++++ Supplied material ++++

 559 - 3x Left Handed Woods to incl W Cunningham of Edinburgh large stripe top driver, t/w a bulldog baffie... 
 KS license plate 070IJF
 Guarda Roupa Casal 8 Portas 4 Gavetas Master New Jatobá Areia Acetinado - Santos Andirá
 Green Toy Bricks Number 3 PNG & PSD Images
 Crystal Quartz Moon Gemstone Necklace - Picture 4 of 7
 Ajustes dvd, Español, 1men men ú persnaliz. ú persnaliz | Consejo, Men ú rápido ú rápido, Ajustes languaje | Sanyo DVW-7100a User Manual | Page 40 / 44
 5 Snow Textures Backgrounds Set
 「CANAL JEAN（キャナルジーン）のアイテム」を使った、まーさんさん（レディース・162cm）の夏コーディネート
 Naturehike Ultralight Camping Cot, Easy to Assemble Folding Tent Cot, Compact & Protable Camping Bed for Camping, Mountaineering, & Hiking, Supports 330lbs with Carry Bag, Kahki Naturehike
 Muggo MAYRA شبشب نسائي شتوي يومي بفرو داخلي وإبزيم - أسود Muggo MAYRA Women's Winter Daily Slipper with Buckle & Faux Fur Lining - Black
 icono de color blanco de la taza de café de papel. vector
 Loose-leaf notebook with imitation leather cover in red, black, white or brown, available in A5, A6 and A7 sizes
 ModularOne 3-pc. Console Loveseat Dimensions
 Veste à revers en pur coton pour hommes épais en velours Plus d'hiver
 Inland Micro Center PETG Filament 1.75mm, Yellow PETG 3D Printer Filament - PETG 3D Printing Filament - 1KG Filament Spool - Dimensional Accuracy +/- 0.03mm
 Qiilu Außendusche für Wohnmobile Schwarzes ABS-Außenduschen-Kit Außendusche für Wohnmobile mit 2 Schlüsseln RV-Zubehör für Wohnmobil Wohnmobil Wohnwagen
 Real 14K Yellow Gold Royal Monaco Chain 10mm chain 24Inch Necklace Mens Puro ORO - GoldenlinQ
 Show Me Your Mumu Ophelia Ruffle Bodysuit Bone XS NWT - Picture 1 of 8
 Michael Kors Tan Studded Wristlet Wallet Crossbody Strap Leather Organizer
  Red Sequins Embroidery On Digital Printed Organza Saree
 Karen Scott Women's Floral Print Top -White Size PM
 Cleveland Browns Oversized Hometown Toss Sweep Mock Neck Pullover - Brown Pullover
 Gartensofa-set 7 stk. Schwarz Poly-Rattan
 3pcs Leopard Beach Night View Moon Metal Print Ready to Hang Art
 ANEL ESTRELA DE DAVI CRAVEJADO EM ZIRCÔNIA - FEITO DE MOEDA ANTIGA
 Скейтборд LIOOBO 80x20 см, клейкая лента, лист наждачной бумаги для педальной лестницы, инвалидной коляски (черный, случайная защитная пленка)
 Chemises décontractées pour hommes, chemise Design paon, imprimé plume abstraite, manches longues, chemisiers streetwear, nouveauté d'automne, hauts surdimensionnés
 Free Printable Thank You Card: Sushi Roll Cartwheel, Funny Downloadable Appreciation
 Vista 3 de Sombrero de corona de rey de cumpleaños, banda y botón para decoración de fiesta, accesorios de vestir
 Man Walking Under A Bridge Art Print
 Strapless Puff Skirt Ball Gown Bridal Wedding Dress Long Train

++++

• Task directions:
Copy out, exactly as given, the line containing "Real 14K Yellow" together with every line after it in the material.

• Task output:
 Real 14K Yellow Gold Royal Monaco Chain 10mm chain 24Inch Necklace Mens Puro ORO - GoldenlinQ
 Show Me Your Mumu Ophelia Ruffle Bodysuit Bone XS NWT - Picture 1 of 8
 Michael Kors Tan Studded Wristlet Wallet Crossbody Strap Leather Organizer
  Red Sequins Embroidery On Digital Printed Organza Saree
 Karen Scott Women's Floral Print Top -White Size PM
 Cleveland Browns Oversized Hometown Toss Sweep Mock Neck Pullover - Brown Pullover
 Gartensofa-set 7 stk. Schwarz Poly-Rattan
 3pcs Leopard Beach Night View Moon Metal Print Ready to Hang Art
 ANEL ESTRELA DE DAVI CRAVEJADO EM ZIRCÔNIA - FEITO DE MOEDA ANTIGA
 Скейтборд LIOOBO 80x20 см, клейкая лента, лист наждачной бумаги для педальной лестницы, инвалидной коляски (черный, случайная защитная пленка)
 Chemises décontractées pour hommes, chemise Design paon, imprimé plume abstraite, manches longues, chemisiers streetwear, nouveauté d'automne, hauts surdimensionnés
 Free Printable Thank You Card: Sushi Roll Cartwheel, Funny Downloadable Appreciation
 Vista 3 de Sombrero de corona de rey de cumpleaños, banda y botón para decoración de fiesta, accesorios de vestir
 Man Walking Under A Bridge Art Print
 Strapless Puff Skirt Ball Gown Bridal Wedding Dress Long Train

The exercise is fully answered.